According to the gaming machine described in the technical idea 4, in addition to the effect of the gaming machine described in any one of the technical ideas 1 to 3, a drive source for changing the traveling direction of the light emitted from the light irradiation device. It is possible to suppress the number of drive sources to be provided because it is not necessary to provide.

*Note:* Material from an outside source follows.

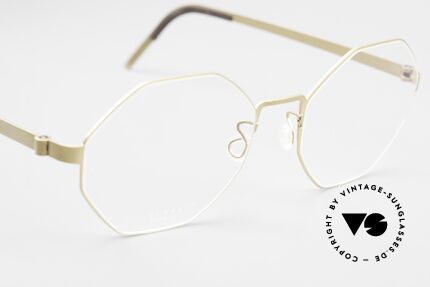 Lindberg 9609 Strip Titanium Octagonal Eyeglasses Dull Gold, unworn, NOS, with an original hard case by Lindberg, Made for Men and Women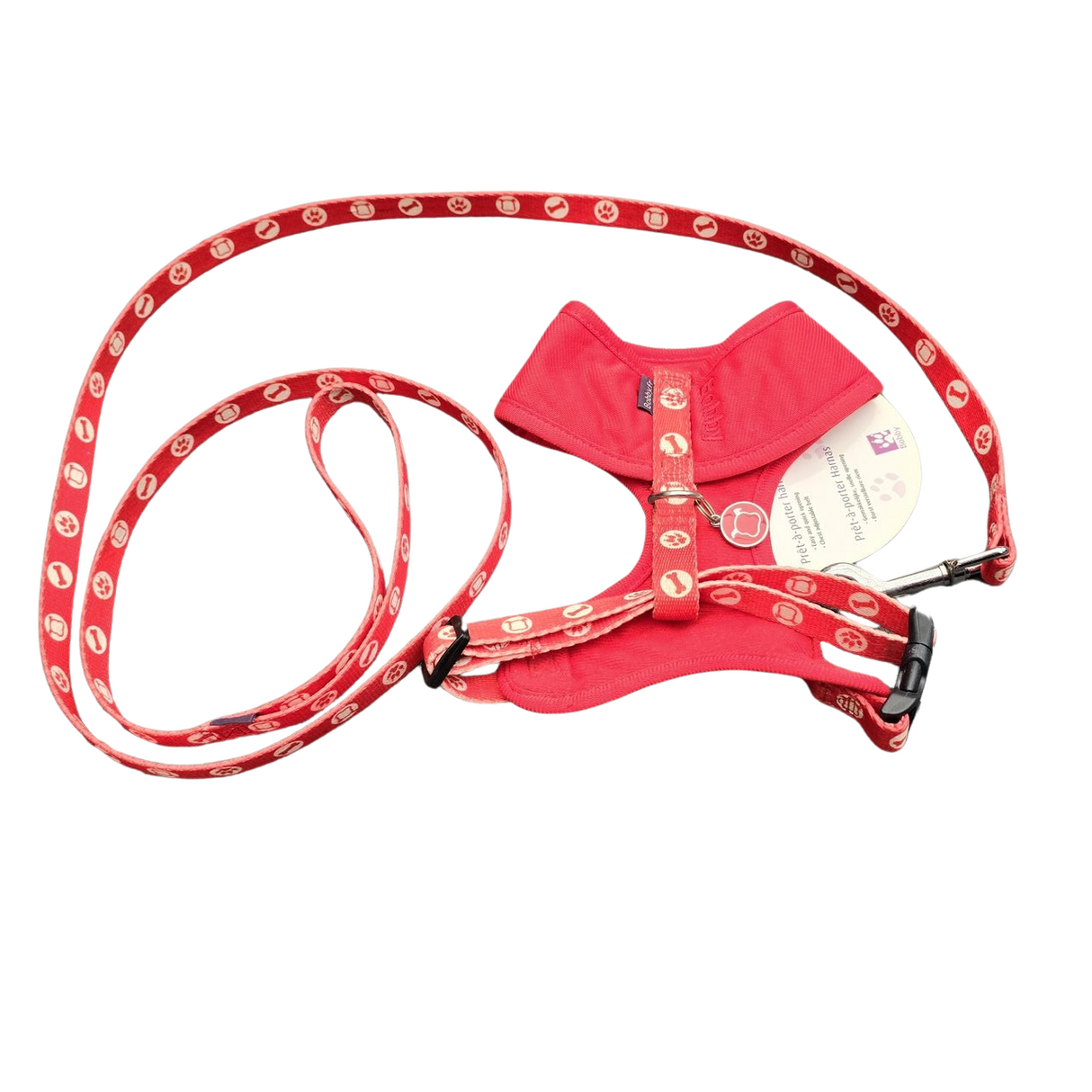 Bobby bones harness soft and leash set Red Small & Large Second chance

10 Pachinko machines (gaming machines)
13 Game board 1200, 2200, 3200, 4200, 5200 Cylindrical member (rotating member)
1220, 2220, 3220, 4220, 5220 Body part (cylindrical part)
1230, 2230, 3230 Low transmittance portion 1232 Recessed side surface portion (both sides , first transmittance portion )
1231 Overhanging end portions 1240, 2240, 3240 Peripheral surface portion (second transmittance portion)
1400, 2400, 4400 Light irradiation device 1410, 2410 Base part 1420, 1421, 1423 Light source 1500, 2500 Decorative member 1511, 2511 Low transmittance part 1512, 2512 Band part 2233 Bent part 2531 Branch groove (path through which sphere flows down)
3300 Transmission unit 3310 First collision surface (collision surface)
3320 Second collision surface (collision surface)
4430 Refraction member M position

Claims (2)

A light transmitting portion having a predetermined thickness while being rotatably supported on the game board, a rotary member having a cylindrical portion, and its tubular portion through passage formed inside Ru extend in a linear direction of the A light irradiation device for irradiating light toward the front of the game board,
The rotating member is a portion composed of the first light transmittance, is formed on the circumferential surface of the tubular portion, and the position visually recognized in one direction is changed by rotating the rotating member. And a second transmissivity part that transmits light with a transmissivity higher than that of the first transmissivity part, and the movement of the game ball flowing down the game board. It is rotated by transmitting energy,
A game machine characterized in that a visible pattern of light emitted from the light irradiating device that has passed through the second transmittance portion located on the front side of a flowing down game sphere can be changed. The gaming machine according to claim 1, wherein the rotating member is rotatable.